9000020010
Level:
A
Choose the equation which is obtained by squaring both
sides of the following equation.
\[
\sqrt{x^{2 } - x + 5} = 2x - 5
\]
\(3x^{2} - 19x + 20 = 0\)
\(x^{2} + 3x + 20 = 0\)
\(3x^{2} + x - 30 = 0\)
\(3x^{2} + x + 20 = 0\)
A
9000020910
Level:
A
The perimeter of a rectangle is \(28\, \mathrm{cm}\).
The diagonal of this rectangle is \(10\, \mathrm{cm}\).
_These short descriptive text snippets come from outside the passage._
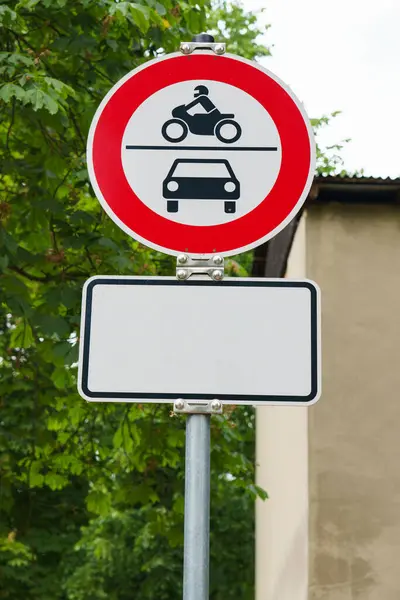 Road sign. Urban traffic. motorbikes and cars prohibited. German road signs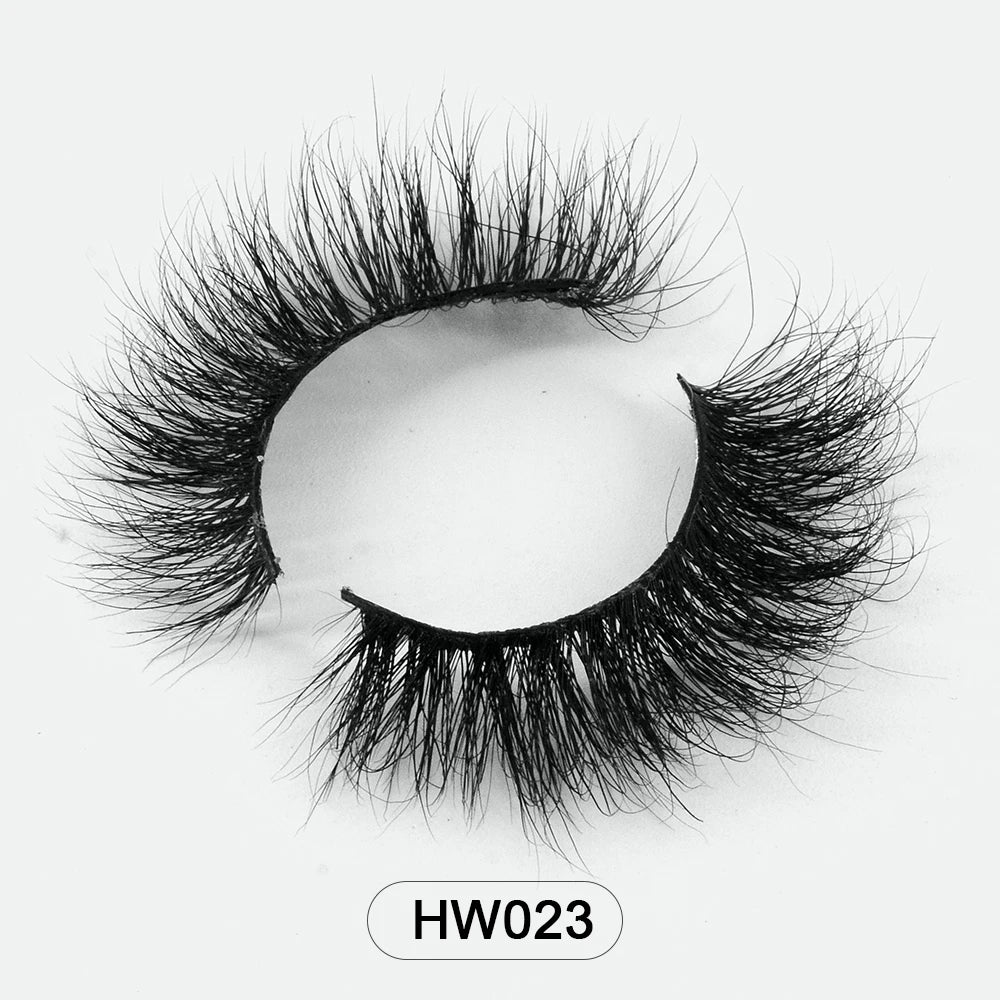Black 3D mink false eyelashes with a soft, curved band and voluminous, wispy layered fibers. Style labeled HW023.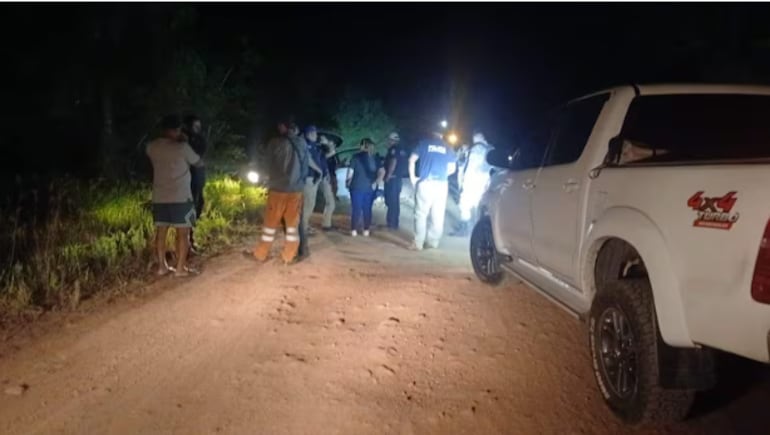 Vecinos y policías rodean el automóvil Toyota Vitz que abandonaron los presuntos asaltantes en Villa Hayes.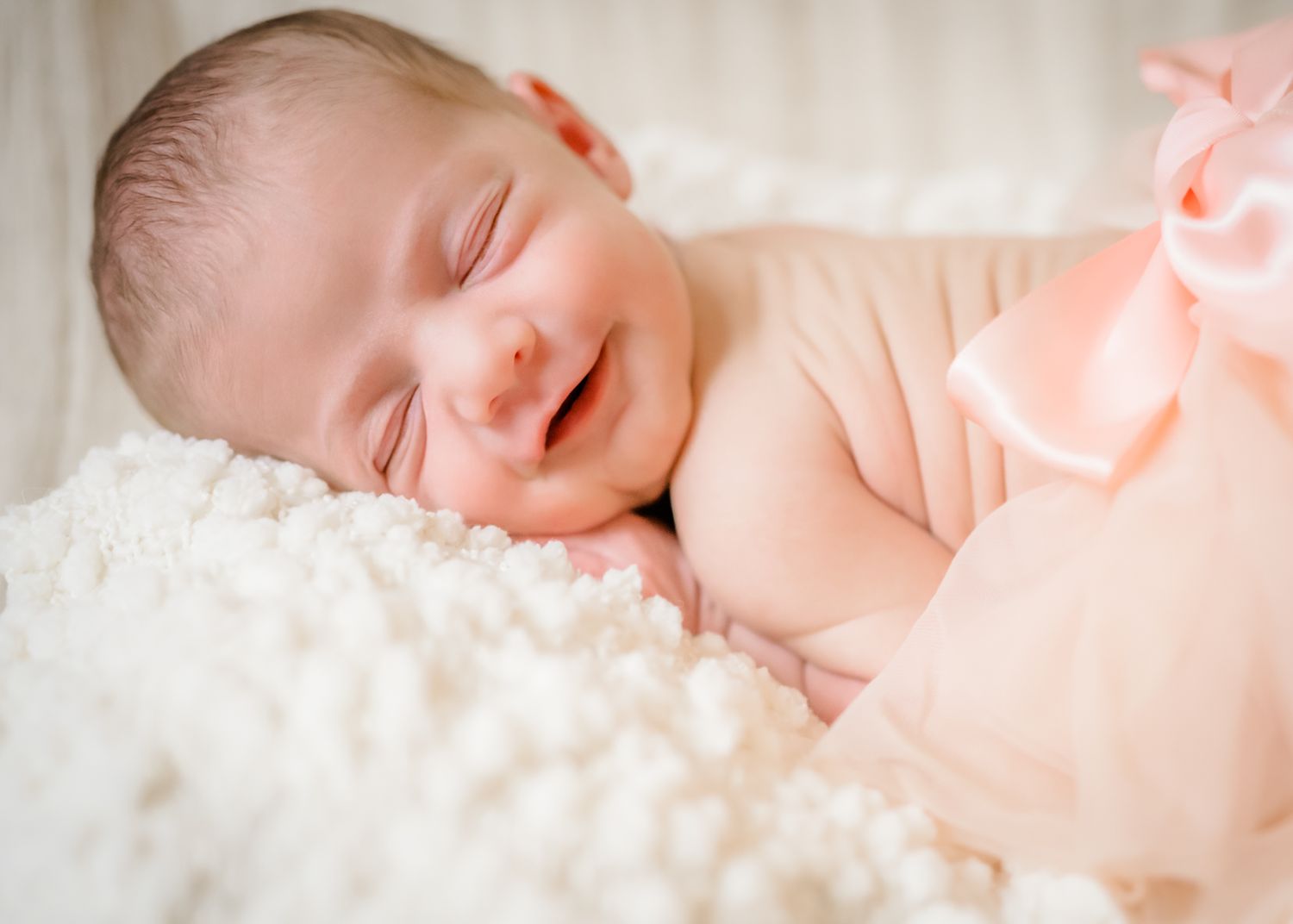 Peaceful newborn baby sleeping on fluffy white blanket with soft peach-colored lighting.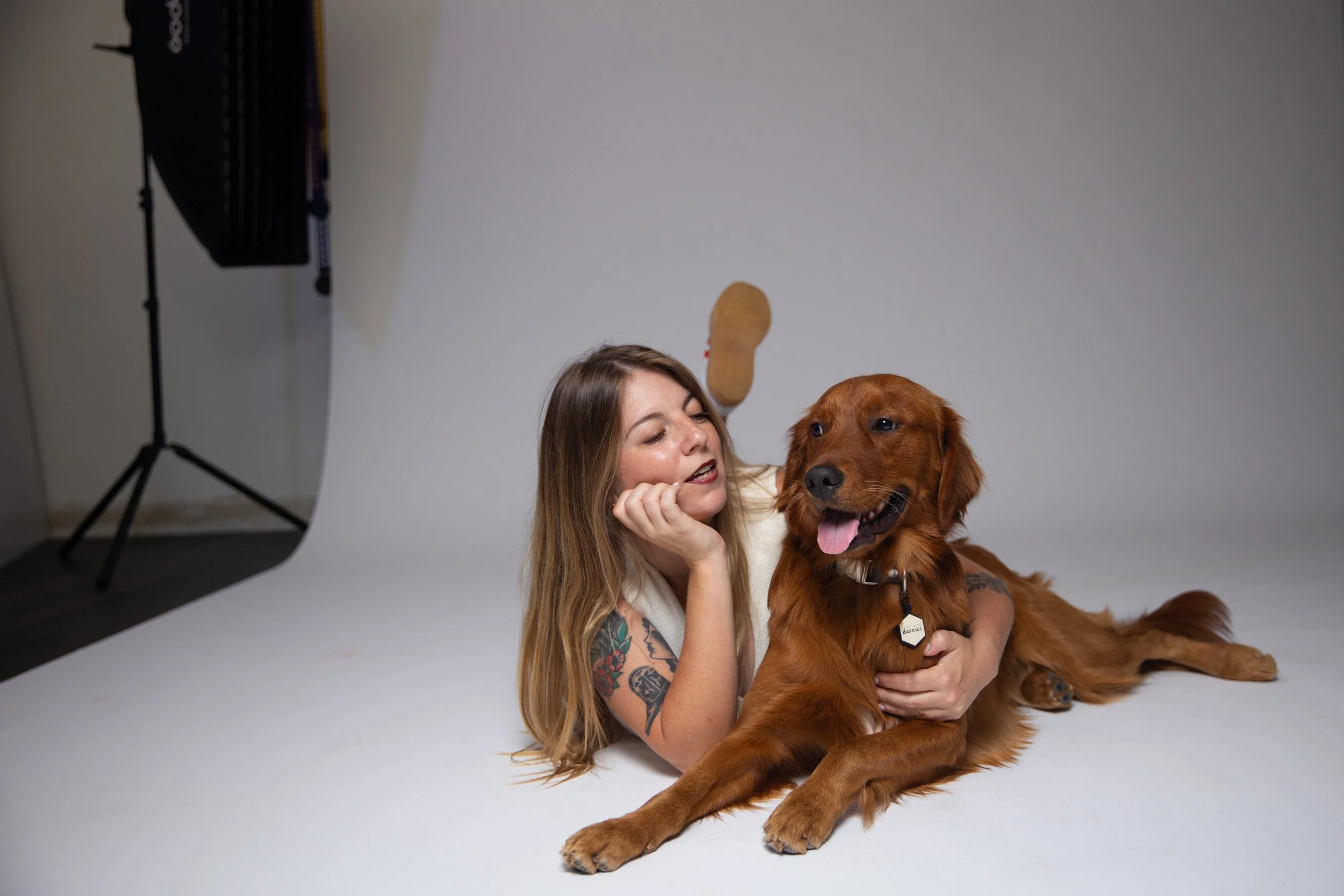 A woman with long hair and tattoos is lying on a white floor, holding a large golden retriever dog with a tag on its collar. The woman and dog are looking content, with the dog panting. Studio lighting equipment is visible in the background, indicating a photo shoot setting.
Find the sides of the rectangle.
\(8\, \mathrm{cm}\)
and \(6\, \mathrm{cm}\)
\(7\, \mathrm{cm}\)
and \(7\, \mathrm{cm}\)
\(9\, \mathrm{cm}\)
and \(5\, \mathrm{cm}\)
\(7\, \mathrm{cm}\)
and \(3\, \mathrm{cm}\)
9000020401
Level:
A
Solve the following quadratic equation.
\[
-x^{2} + 12x - 20 = 0
\]
\(x_{1} = 2\),
\(x_{2} = 10\)
\(x_{1} = -2\),
\(x_{2} = 10\)
\(x_{1} = -2\),
\(x_{2} = -10\)
\(x_{1} = 2\),
\(x_{2} = -10\)
9000020906
Level:
A
Identify an equation which can be obtained from the following system by
eliminating one of the variables.
\[ \begin{alignedat}{80}
&y^{2} & - &2 &x & + &3 & = 0 & & & & & & & &
\\ &x & - & &y & - &1 & = 0 & & & & & & & &
\\\end{alignedat}\]
\((y - 1)^{2} = 0\)
\((y + 1)^{2} = 0\)
\((x - 4)^{2} = 0\)
\((x + 2)^{2} = 0\)
9000020402
Level:
A
Identify an equation which does not have real solution.
\(x^{2} - 2x + 5 = 0\)
\(x^{2} - 5 = 0\)
\(x^{2} + 0.8x = 0\)
\(- x^{2} + 2x + 35 = 0\)
9000020403
Level:
A
Identify an equation which does not have at least one solution in the interval
\((0;\infty )\).
\(x^{2} + 5x + 6 = 0\)
\(x^{2} - 2x - 3 = 0\)
\(x^{2} - 10x = 0\)
\(x^{2} - 10x + 24 = 0\)
9000020405
Level:
A
Identify an equation which does not have the set
\(K = \{ - 3;6\}\) as the
set of all solutions of this equation.
\(3x^{2} - 9x + 54 = 0\)
\(2x^{2} - 6x - 36 = 0\)
\(\frac{1}
{3}x^{2} - x - 6 = 0\)
\(- x^{2} + 3x + 18 = 0\)
9000020407
Level:
A
In the following list identify an equation with real solution.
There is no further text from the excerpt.